Favorite less-traveled spot: Valley of Ten Thousand Smokes. While noting that most of the park is "less traveled," Wood suggests visitors to Brooks Camp take the 23-mile daily bus ride to the valley. Created by the Novarupta volcano's 1912 eruption, it was the sight that so awed explorer Robert Griggs. Wood recommends visitors spend a night camping there.
"You have the volcanoes, the valley and beautiful uncluttered sky," he says. "That intense solitude is available to just about everyone."
Favorite spot to view wildlife: When Brooks Camp is slow for bear watching, Wood says experienced outdoor explorers should check out any place on the Pacific coast where sedges, a grass-like plant that bears eat, grow above the high-tide line.
There are pilots who will take you to Geographic Harbor, Swikshak Lagoon and Hallo Bay for bear watching during the spring and summer, he says. The northern edge of Katmai is best for viewing wildlife in August and early September, says Wood, but that the local names don't exist on a map and are known only by pilots who fly there.
Most magical moment in the park: The first time Wood stood in a river to watch salmon run to their spawning grounds. "We often speak of salmon being the lifeblood of the region and its people," he says. "When you are waist deep among them, it is easy to see why. At first, the salmon deflect around you. But if you remain still, they gradually accept your presence and resume their normal upstream movement."
Funniest moment at the park: A dominant male bear reclaimed his favorite fishing spot from younger male by intimidating the young bear into falling over the waterfalls. "Bears can be unintentionally funny," says Wood. "Every now and then their comedic timing is impeccable."
A ranger's request: Katmai is home to brown bears, which are the same species as grizzly bears but have different behavior patterns, says Wood. Keep at least a 50-yard distance from all bears, which are solitary animals.
You should never separate a mother from her cub, says Wood. The mother will interpret the separation as a threat. Since brown bears can move at speeds up 35 miles per hour, escape will be practically impossible.

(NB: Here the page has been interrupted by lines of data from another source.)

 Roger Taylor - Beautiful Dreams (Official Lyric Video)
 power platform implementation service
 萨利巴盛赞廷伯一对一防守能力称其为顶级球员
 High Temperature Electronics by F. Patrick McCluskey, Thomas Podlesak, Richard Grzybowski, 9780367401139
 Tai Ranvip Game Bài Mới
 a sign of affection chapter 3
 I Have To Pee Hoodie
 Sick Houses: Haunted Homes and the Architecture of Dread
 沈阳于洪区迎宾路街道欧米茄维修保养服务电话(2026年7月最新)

"A common misconception about Katmai and Brooks Camp is that since they (the bears) don't run, they're tame or they like us," says Wood.
Another park he loves: Canyonlands National Park in Moab, Utah. Wood says he would like to return to the Colorado River Plateau, the region where his long trek to becoming a park ranger began. Canyonlands is on the plateau and is a series of geographical forms created the by ancients flows of Colorado River and its tributaries, Canyonlands is home to Horseshoe Canyon's, rock art, Island in the Sky mesa and the Cedar Mesa Sandstone spires at Needles.